The article seems to give a somewhat, er, compressed, version of the history of the field. See these comments by Schmidhuber:
Machine learning is the science of credit assignment. The machine learning community itself profits from proper credit assignment to its members. The inventor of an important method should get credit for inventing it. She may not always be the one who popularizes it. Then the popularizer should get credit for popularizing it (but not for inventing it). Relatively young research areas such as machine learning should adopt the honor code of mature fields such as mathematics: if you have a new theorem, but use a proof technique similar to somebody else’s, you must make this very clear. If you “re-invent” something that was already known, and only later become aware of this, you must at least make it clear later.
As a case in point, let me now comment on a recent article in Nature (2015) about “deep learning” in artificial neural networks (NNs), by LeCun & Bengio & Hinton (LBH for short), three CIFAR-funded collaborators who call themselves the “deep learning conspiracy” (e.g., LeCun, 2015). They heavily cite each other. Unfortunately, however, they fail to credit the pioneers of the field, which originated half a century ago. All references below are taken from the recent deep learning overview (Schmidhuber, 2015), except for a few papers listed beneath this critique focusing on nine items.

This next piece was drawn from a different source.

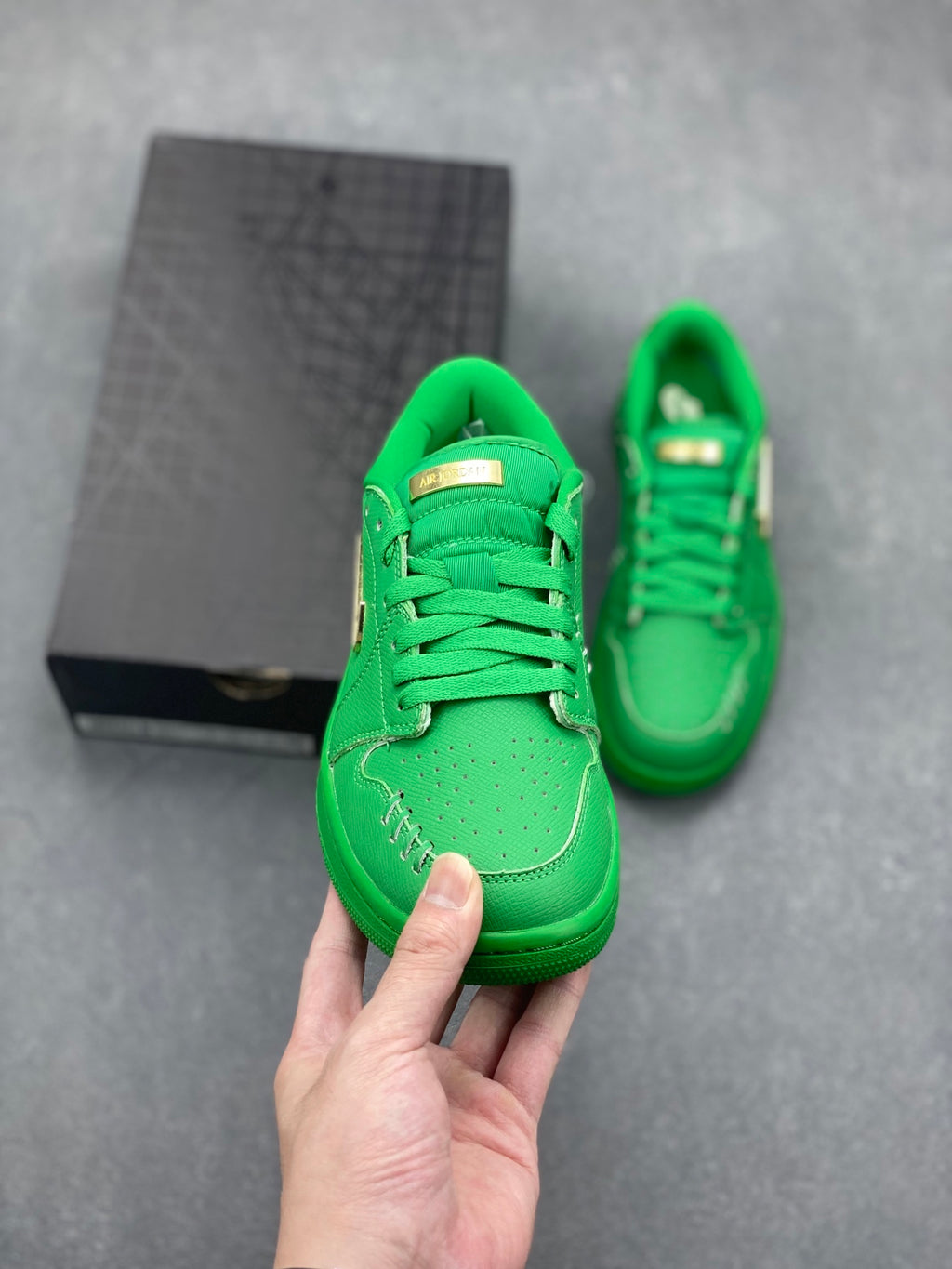 Fragment x Travis Scott x Dior x Nike Air Jordan 1 Low - Image 2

1. LBH’s survey does not even mention the father of deep learning, Alexey Grigorevich Ivakhnenko, who published the first general, working learning algorithms for deep networks (e.g., Ivakhnenko and Lapa, 1965). A paper from 1971 already described a deep learning net with 8 layers (Ivakhnenko, 1971), trained by a highly cited method still popular in the new millennium. Given a training set of input vectors with corresponding target output vectors, layers of additive and multiplicative neuron-like nodes are incrementally grown and trained by regression analysis, then pruned with the help of a separate validation set, where regularisation is used to weed out superfluous nodes. The numbers of layers and nodes per layer can be learned in problem-dependent fashion.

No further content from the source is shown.